It’s easy to play the contest game. The media continue to inundate us with college rankings, the record numbers of applications, and the increasing selectivity of highly selective schools. And many admissions articles use the word frenzy to describe the process. “Ack! How am I ever going to get in?” you start thinking. “I better take up another instrument/enroll in a weekend language immersion program/do more community service/play another sport/enter my photographs in a contest…” It’s an endless list, and while any of those choices in and of themselves can be good, jamming more activities into an already crowded schedule, and stressing out about becoming a “winner,” is not a great strategy (colleges’ number one criteria for admissions is the grades you get in college prep classes).

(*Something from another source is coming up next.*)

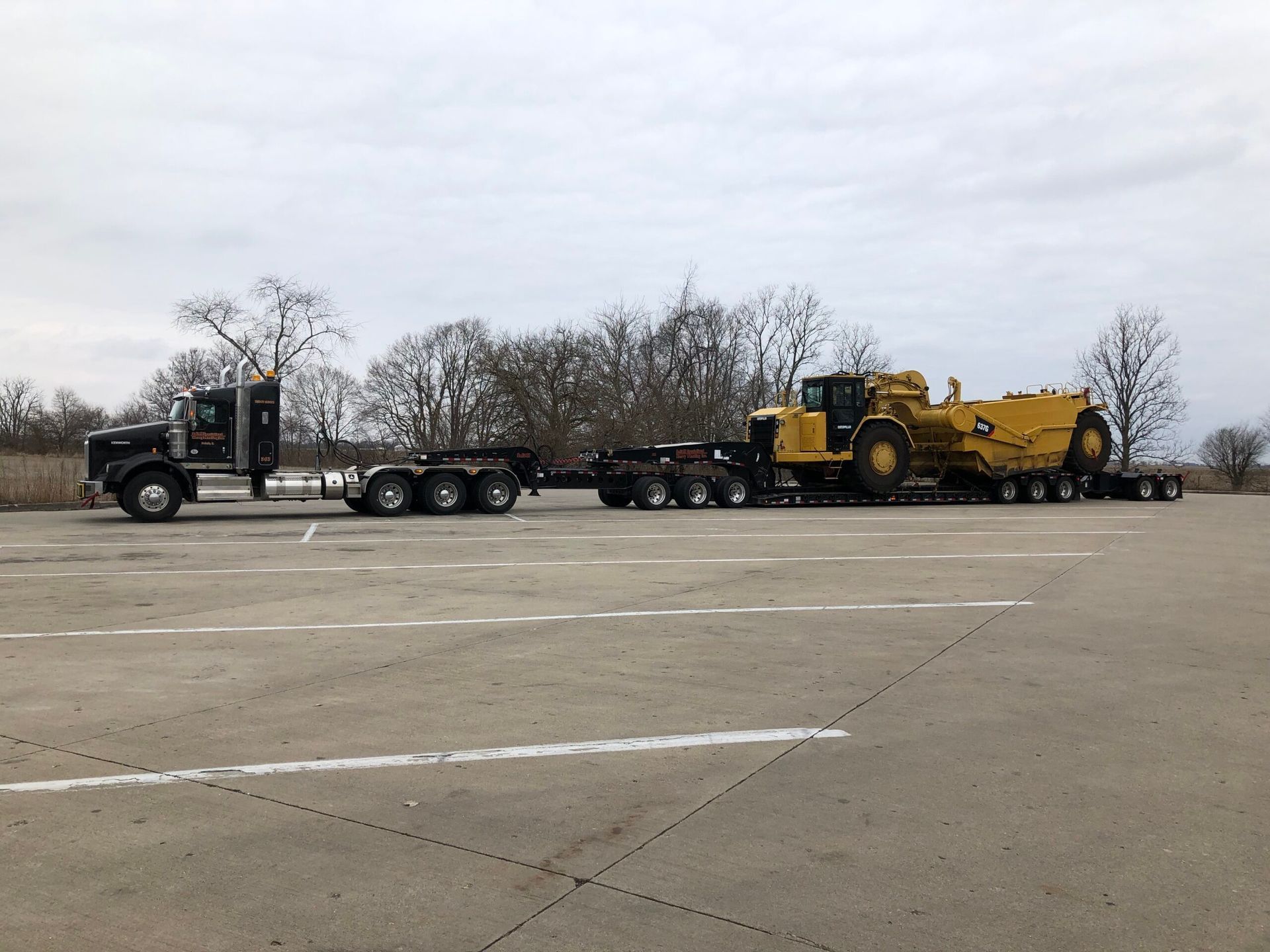 Black semi-truck hauling a yellow construction machine on a multi-axle trailer in a parking lot.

Here are three reasons to stop playing the contest game, and get some perspective—and maybe even some free time—in the process:
1. Quite simply, it’s not a contest. A contest has just one, or a select group of very few, winners. Everyone else loses. But tens of thousands of students are admitted to the more than 2000 colleges in the United States every year. Unless you plan to major in something very, very obscure, or you’re hell-bent on getting into the Ivy League (whose schools routinely reject valedictorians with perfect SAT scores), there is no one “right” school. Focus on the selection available—it’s huge!—and on finding a few great matches for you. They’re out there.

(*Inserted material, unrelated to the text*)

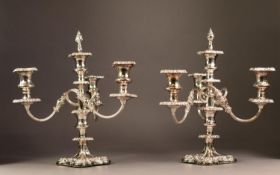 PAIR OF SILVER PLATED ON COPPER FIVE LIGHT, FOUR BRANCH CANDELABRA, each with fancy scroll arms,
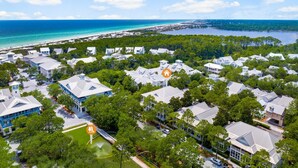 A coastal residential area with houses, a beach, and a marina.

2. It will make you crazy. Parents and students who play the contest game put incredible pressure on themselves. They can become antagonists instead of partners in the process. And high levels of stress won’t help you perform better in your classes or on standardized tests. It can also weaken your immune system and cause lots of other physical problems. Not to mention make you miserable—who wants to hang around with someone who’s miserable?
3. If you’re reaching for the proverbial stars, it probably won’t get you the results you’re after. No matter how high your grades and test scores, how many activities you participate in and distinctions you receive, if your goal is to be admitted to one of the nation’s most elite schools, the odds are not in your favor. It might not be nice, but it’s the truth.